Reputation: 49
I have the following string from which I need to extract the value 14.123456 which is directly after the keyword airline_freq: (which is a unique keyword in my string)
Please help find the correct regex (indexing m.group() doesn't work beyond 0)
import re
s = "DATA:init: 221.000OTHER:airline_freq: 14.123456FEATURE:airline_amp: 0.333887 more text"
m = re.search(r'[airline_freq:\s]?\d*\.\d+|\d+', s)
m.group()
$ result 221.000
Upvotes: 0
Views: 545
Reputation: 3189
This will match only the float as a single group.
r'airline_freq:\s+([-0-9.]+)'
"DATA:init: 221.000OTHER:airline_freq: 14.123456FEATURE:airline_amp: 0.333887 more text"
Upvotes: 1
Reputation: 28406
You can probably use this:
(?<=airline_freq:)\s*(?:-?(?:\d+(?:\.\d*)?|\.\d+))
This uses a lookbehind to enforce that the number is preceded by airline_freq:
but it does not make it part of the match.
The number-matching part of the regex can match numbers with or without .
and, if there is .
, it can also be just leading or trailing (in this case clearly not before the -
sign). You can also allow an optional +
instead of the -
, by using [+-]
instead of -
.
Unfortunately it seems Python does not allow variable length lookbehind, so I cannot put the \s*
in it; the consequence is that the spaces between the :
and the number are part of the match. This in general could be no problem, as leading spaces when giving a number to a program are generally skipped automatically.

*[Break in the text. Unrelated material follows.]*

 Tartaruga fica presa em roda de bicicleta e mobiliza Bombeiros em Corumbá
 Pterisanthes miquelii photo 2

However, you can still remove the first ?:
in the regex above to make the number-matching group capturing, so that the number is available as \1
.
The example is here.
Upvotes: 1
Reputation: 167
I have this:
(?<=airline_freq\:\s\s)(\d+\.\d+)
In [2]: import re
...: s = "DATA:init: 221.000OTHER:airline_freq: 14.123456FEATURE:airline_amp: 0.333887 more text"

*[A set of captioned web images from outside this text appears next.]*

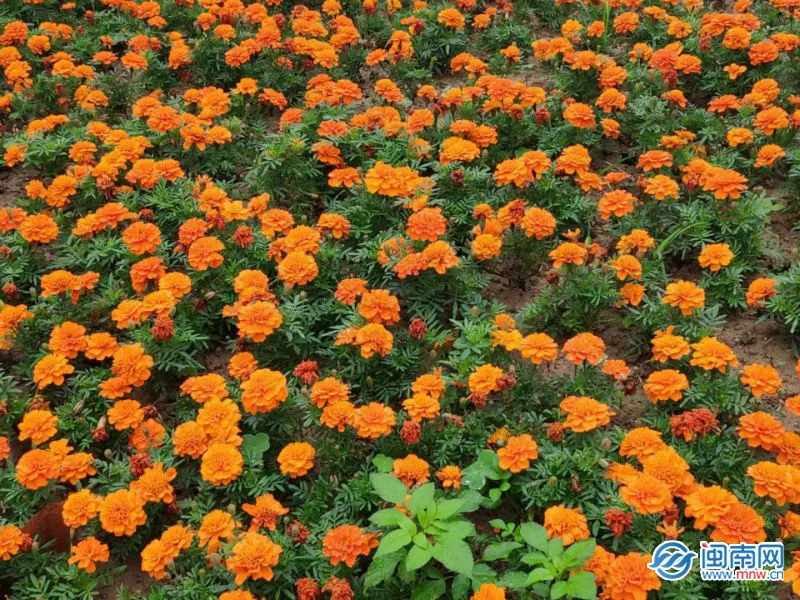 8月祝福语简短温馨的话  迎接八月的说说句子文案励志语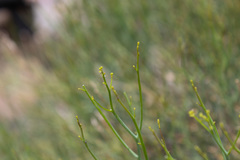 Gymnophyton isatidicarpum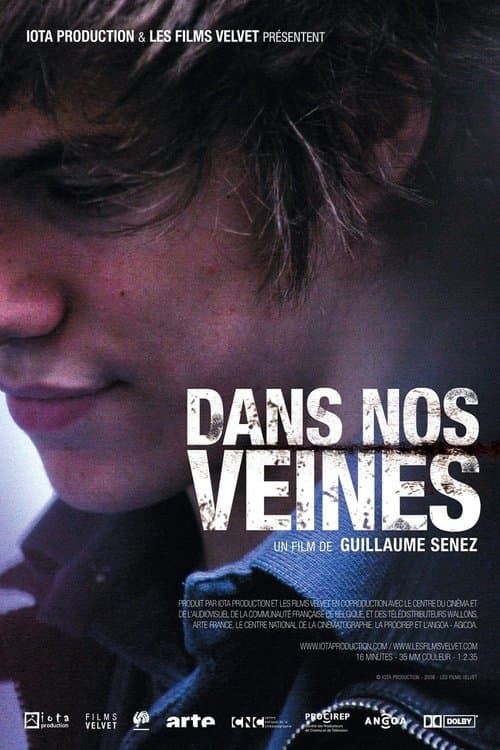 Dans nos veinesのポスター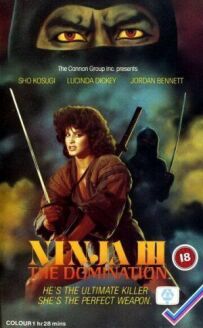 Ніндзя III: Панування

...: m = re.search(r'(?<=airline_freq\:\s\s)(\d+\.\d+)', s)
...: m.group()
Out[2]: '14.123456'
Test: https://regexr.com/51q41
If you're not sure about the number of spaces between airline_freq: and the desired float number, you can use:
(?<=airline_freq\:)\s*(\d+\.\d+)
and m.group().lstrip()
to get rid of the left spaces.
Upvotes: 0